Limbic~Region has asked for the wisdom of the Perl Monks concerning the following question:
All:
I have spent the last 3 weeks converting a suite of shells scripts to Perl. The purpose of this can be found here, although two of my initial requirements changed after a very long hard look at the transient files I was checking against.
Only the first 64K of the file needs to be read - if the string I am looking for is not there, it doesn't matter if it is elswhere in the file.
Removing imbedded newlines wasn't a real requirement since a match in the first 64K will never have the newline problem.
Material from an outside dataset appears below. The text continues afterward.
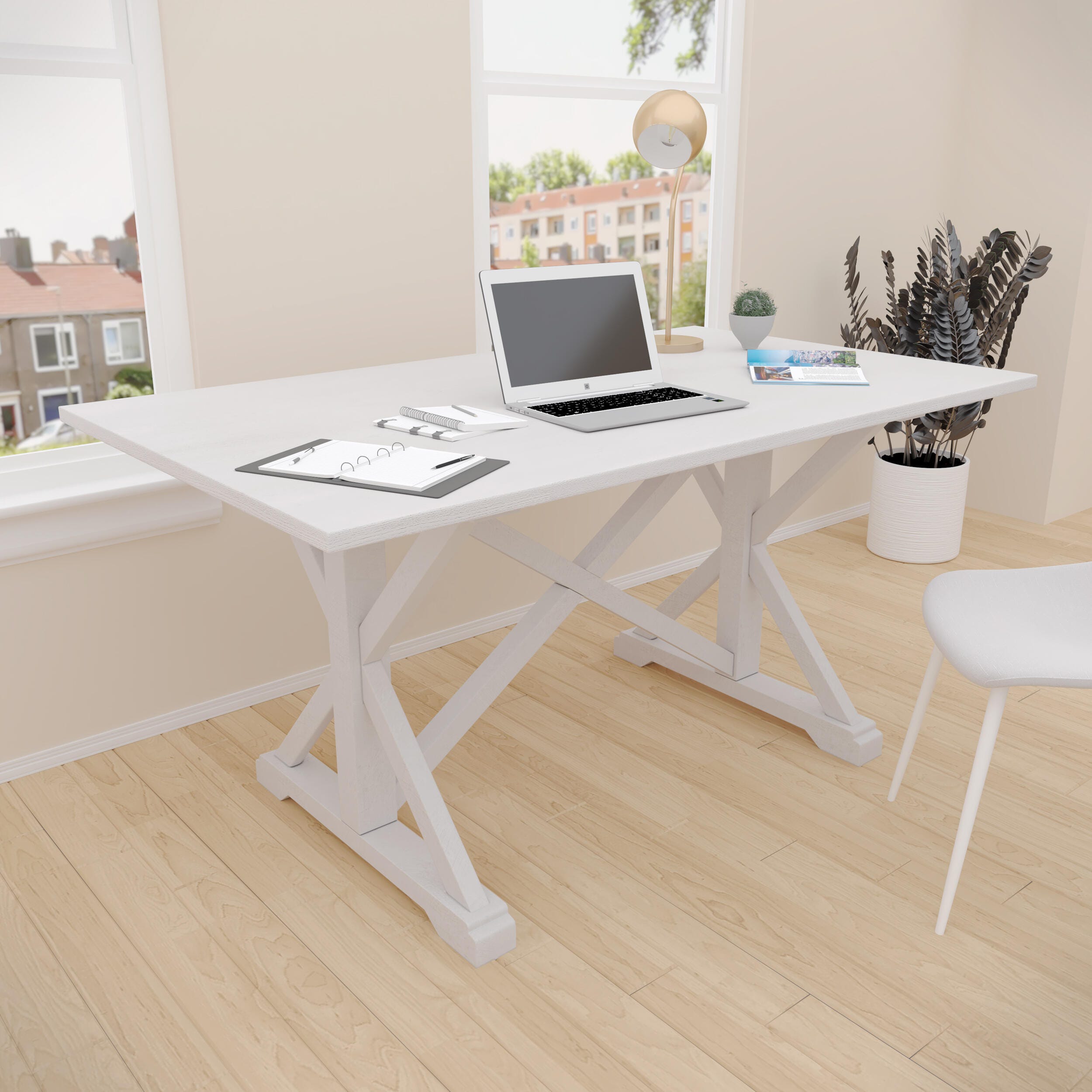 SEI Furniture Leshire Dining Table, , large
The following is the final code
#!/usr/bin/perl -w
use strict;
use Time::Local;
chdir "/var/spool/wt400/gateways/" . $ARGV[0];
mkdir "capture", 0755 unless (-d "capture");
my $ListTime = 0;
my %Traps;
my @Files;
my $Counter = 1;
my $Size;
my $Now;
my $NF;
my $Matcher;
my $Match_code;
open (LOG, ">>/disk4/Logs/traps/" . $ARGV[0] . "_" . $ARGV[1] . ".log"
+);
flock(LOG,(2|4)) or exit;
select LOG;
while (1) {
if ($Counter > 20 || ! %Traps) {
if ( (stat("traplist." . $ARGV[1]))[9] gt $ListTime ) {
$ListTime = (stat(_))[9];
%Traps = ();
open (LIST,"traplist." . $ARGV[1]);
while (<LIST>) {
next if (/^#/ || /^Created\t\tExpires/ || /^\s*$/);
my @Fields = split "\t" , $_;
next unless (@Fields == 8);
chomp $Fields[7];
my($mon, $day, $year, $hour, $min) = split ?[-/:]? , $Fields[1
+];
my $Expiration = timelocal(0, $min, $hour, $day, $mon - 1, $y
+ear + 100);
$Traps{$Fields[7]} = [ $Expiration,@Fields[2,5,6] ];
}
close (LIST);
}
$Counter = 1;
}
$Now = time;
$Match_code = "";
$Size = 0;
foreach my $Trap (keys %Traps) {
unless ($Traps{$Trap}[0] < $Now && $Traps{$Trap}[1]) {
if ($Traps{$Trap}[3] eq "SIZE") {
$Size = $Traps{$Trap}[2] if ($Traps{$Trap}[2] > 0);
}
else {
$Trap =~ s/(\W)/\\$1/g;
$Trap = "(?i-xsm)" . $Trap;
$Match_code .= "return \"$Trap\" if \$_[0] =~ /$Trap/;";
}
}
}
exit unless ($Match_code || $Size);
$Matcher = eval "sub {" . $Match_code . "}";
if ($ARGV[1] eq "out") {
@Files = <out/do*>;
}
elsif ($ARGV[1] eq "in") {
@Files = <in/di*>;
}
else {
@Files = <out/do* in/di*>
}
matchfile(\@Files);
$Counter++;
sleep 3;
}
sub matchfile {
local($/) = \65536;
FILE:
while (my $File = shift @{$_[0]}) {
if ($Size && -s $File >= $Size) {
($NF = $File) =~ s/^.*\///;
rename $File , "capture/" . $NF . "-SIZE";
print time . " " . $NF . " " . (stat(_))[7] . " SIZE\n";
next FILE;
}
unless (open(FILE, $File)) {
next FILE;
}
while (<FILE>) {
my $Match = $Matcher->($_);
if ($Match) {
$Match =~ s/\(\?i-xsm\)//;
($NF = $File) =~ s/^.*\///;
rename $File , "capture/" . $NF . "-" . $Traps{$Match}[3];
print time . " " . $NF . " " . (stat(_))[7] . " " . $Traps{$Ma
+tch}[3] . "\n";
}
next FILE;
}
}
}
The traplist file that the data is read from looks like:
Created Expires Use Type Author Size Name Trap
07:36:56-07:36 07:36:56-07:36 1 0 XYZ 98765 SIZE N/A
07:36:56-07:36 07:36:56-07:36 1 0 XYZ N/A TRAP1 cool things to look for
The first arg is the name of the directory to look for the traplist file in as well as the base directory to work from based on arg 2.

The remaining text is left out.